As frontman Joe Montone explained over email, “This project started out before I had a band.” He was just a dude with an acoustic guitar and some song ideas who did production at Doylestown venue MOM’s. When his 2012 EP Melody, Love and Soul was used to score a short film by local director Evan Cohen, it was picked up by tastemaking blog Yvynyl, and interest around this thing called Heat Thunder began to swell. Montone developed the project into a live band featuring Matt Phillips on bass, Luming Hao on guitar and William Chamuris on drums, and they gradually began recording and performing more often.

Thing is, Heat Thunder was never prolific. The three-song debut EP was followed up by a standalone single called “Solo World” (released in 2013) and then “River Song” (released last August). Their Key Studio Session had an additional three songs. And while many of Heat Thunder’s peers seem to perform all the time (sometimes to a fault), Heat Thunder took the opposite approach and kept their gigs fewer and farther between. I ran into Phillips at a house show earlier this year, and when I asked what the band was up to, he told me they’d kinda sorta broken up. But even as he said this, there was an air of uncertainty.

Montone prefers to call it a hiatus; he doesn’t want to close the door to future collaboration. But as he puts it, “I was at a crossroads.”

It had been a while since Heat Thunder had gigged, and he’d been writing and recording new songs with Brian Dale Allen Strouse of the Lawsuits. “I’d been writing new songs and have been recording the past 4 months, but didn’t know whether to call it Heat Thunder,” Montone says. The songs felt different. And during this time recording them, “I’ve been just trying to relinquish the controls and let things grow.”

“The band itself came out of nowhere and we went for it as best as we could,” he continues. “Discovering along the way together the whole time.” But due to time constraints, plus the budget constraints of an unsigned band and everybody’s other commitments (Chamuris in Commonwealth Choir, Phillips at Cambridge Sound Studio, Hao in Our Griffins) the journey together had to end.

But Montone wanted to honor the Heat Thunder name and do right by his bandmates with some final output, beginning with the long-in-the-works “Wearin’ Black.”

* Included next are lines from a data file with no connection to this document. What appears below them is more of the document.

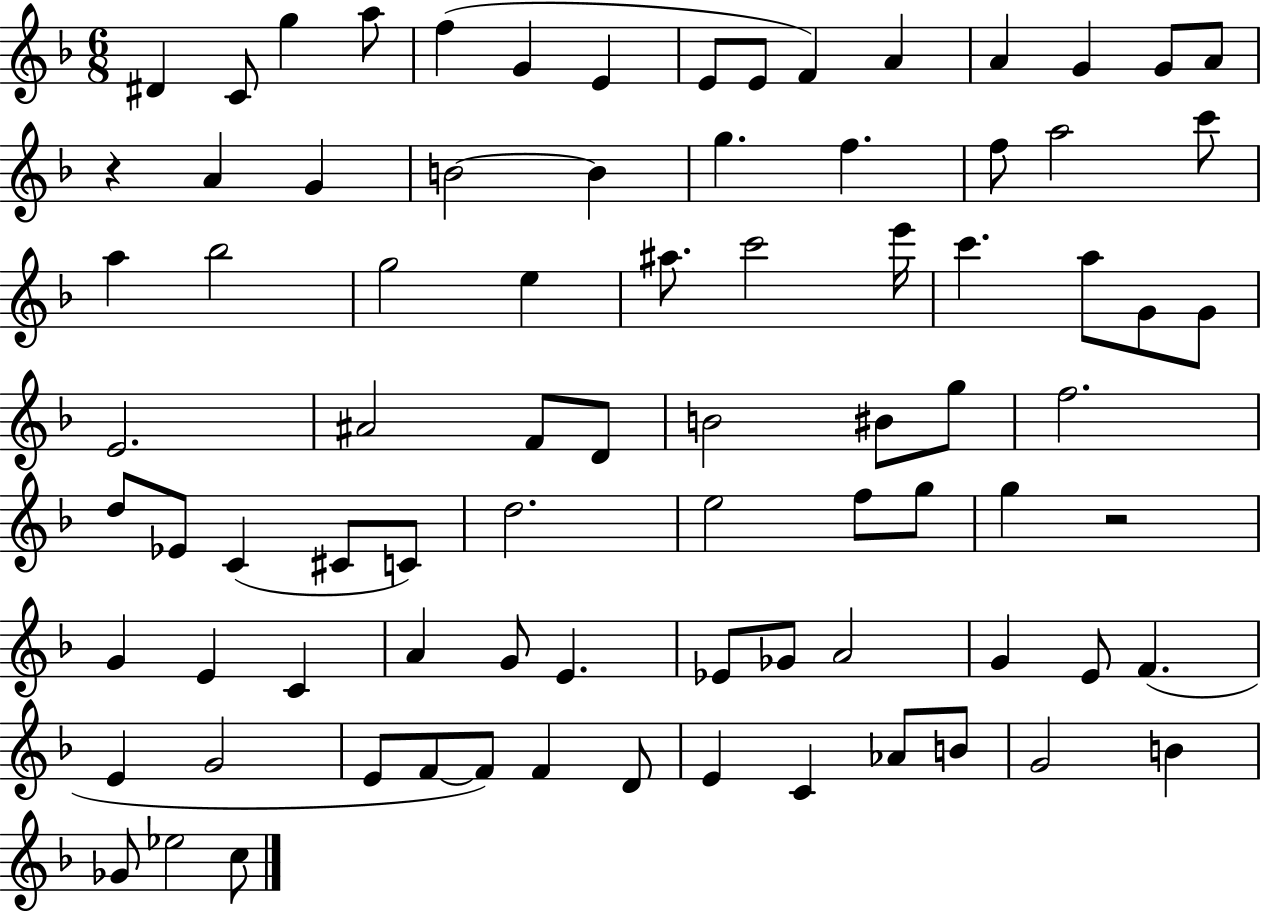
{
  \clef treble
  \numericTimeSignature
  \time 6/8
  \key f \major
  dis'4 c'8 g''4 a''8 | f''4( g'4 e'4 | e'8 e'8 f'4) a'4 | a'4 g'4 g'8 a'8 | \break r4 a'4 g'4 | b'2~~ b'4 | g''4. f''4. | f''8 a''2 c'''8 | \break a''4 bes''2 | g''2 e''4 | ais''8. c'''2 e'''16 | c'''4. a''8 g'8 g'8 | \break e'2. | ais'2 f'8 d'8 | b'2 bis'8 g''8 | f''2. | \break d''8 ees'8 c'4( cis'8 c'8) | d''2. | e''2 f''8 g''8 | g''4 r2 | \break g'4 e'4 c'4 | a'4 g'8 e'4. | ees'8 ges'8 a'2 | g'4 e'8 f'4.( | \break e'4 g'2 | e'8 f'8~~ f'8) f'4 d'8 | e'4 c'4 aes'8 b'8 | g'2 b'4 | \break ges'8 ees''2 c''8 | \bar "|."
}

Made by another filmmaker friend, Elijah Lee Reeder, the David Lynch-esque video unfolds a story in three parts. A hallucinatory sequence follows Montone driving a car in a wooded area while being chased by a vicious dog that morphs back and forth between a dejected skateboarder. Elsewhere, there is a spooky, ritualistic-looking scene seen against a black backdrop as Montone and dancers wear occult attire, mixed in with traditional performance footage.

The video features University of the Arts dance students Rosemary Prendergast, Emily Coulson, Lea Sargiotto and Haylee Warner (who choreographed the dance sequence); skateboarder Austin Leleu; Aubrey Loftus of the Philly fashion and art collective Modern Misfits; and Typhoon the German Shepherd, who was trained by Sondra Rolison of Blitz Pet Professionals. Montone, Reeder and Cohen storyboarded the video over five months early last year and shot it over three day in the spring. “The second day of the shoot, we played ‘Wearin’ Black’ for four hours straight,” Montone says.

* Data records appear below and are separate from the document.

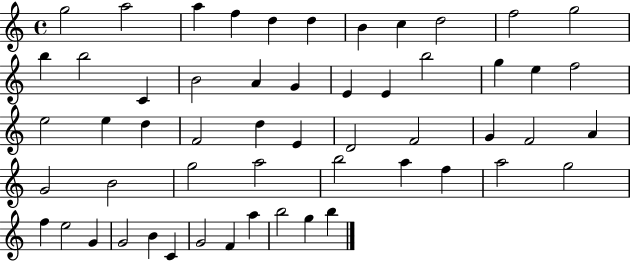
{
  \clef treble
  \time 4/4
  \defaultTimeSignature
  \key c \major
  g''2 a''2 | a''4 f''4 d''4 d''4 | b'4 c''4 d''2 | f''2 g''2 | \break b''4 b''2 c'4 | b'2 a'4 g'4 | e'4 e'4 b''2 | g''4 e''4 f''2 | \break e''2 e''4 d''4 | f'2 d''4 e'4 | d'2 f'2 | g'4 f'2 a'4 | \break g'2 b'2 | g''2 a''2 | b''2 a''4 f''4 | a''2 g''2 | \break f''4 e''2 g'4 | g'2 b'4 c'4 | g'2 f'4 a''4 | b''2 g''4 b''4 | \break \bar "|."
}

His explanation of the video is fittingly mysterious: “The video portrays a skateboarder’s downhill journey through fierce darkness. But in hiding away with nothing left to perpetuate or past to distort… It is asked, could we listen instead? All of the pieces of the video relate inside the head of the skateboarder.”

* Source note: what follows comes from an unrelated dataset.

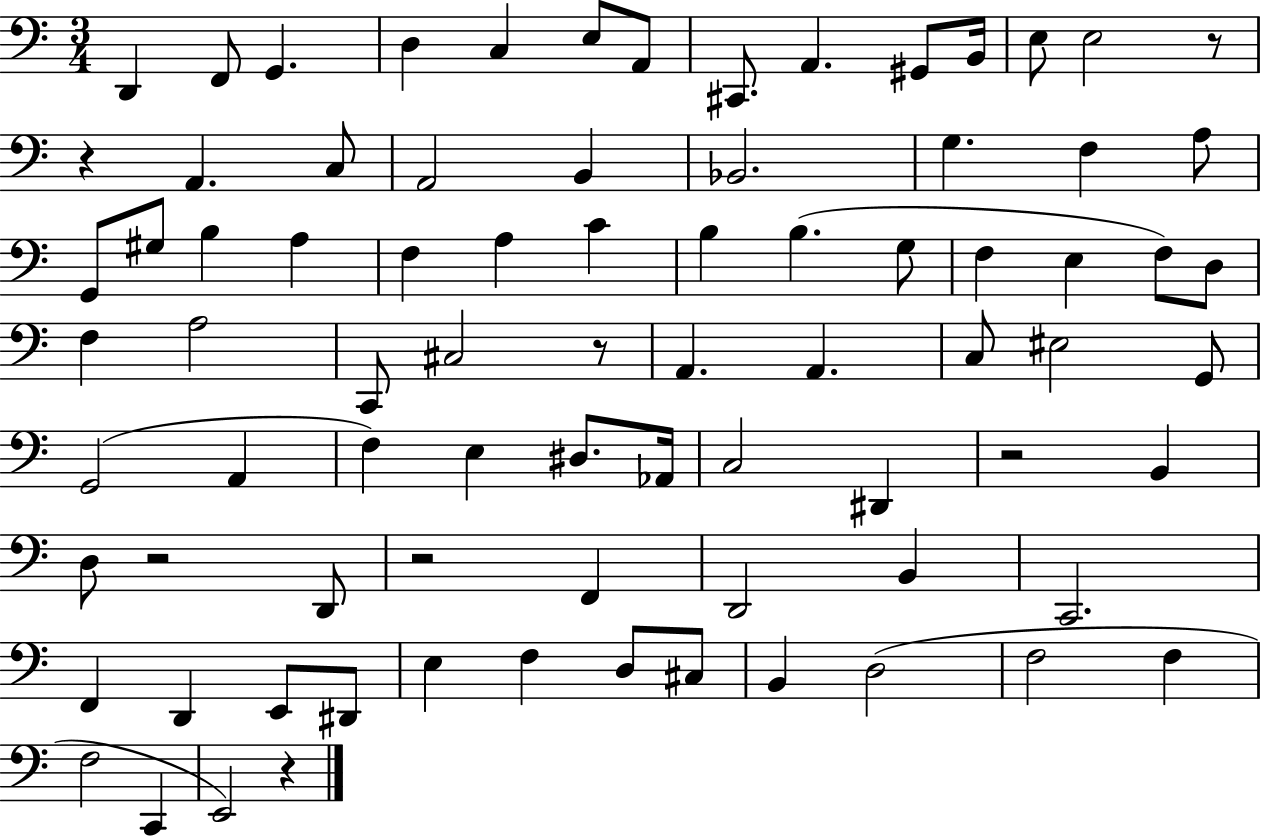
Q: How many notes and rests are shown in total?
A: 81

Watch the video below, check out the “Wearin’ Black” premiere party tonight at Siren Records, and keep on the lookout for Heat Thunder’s A Documentation Of…, the full-length that never was. Montone says it will collect all the band’s recorded songs (including the Key Studio Session recording of “Love”) as well as improv recordings and rehearsal tapes. “It’s something between what we were and could have become,” Montone says. “It even includes a improv from our last practice as a full band…the progression is pretty wild.”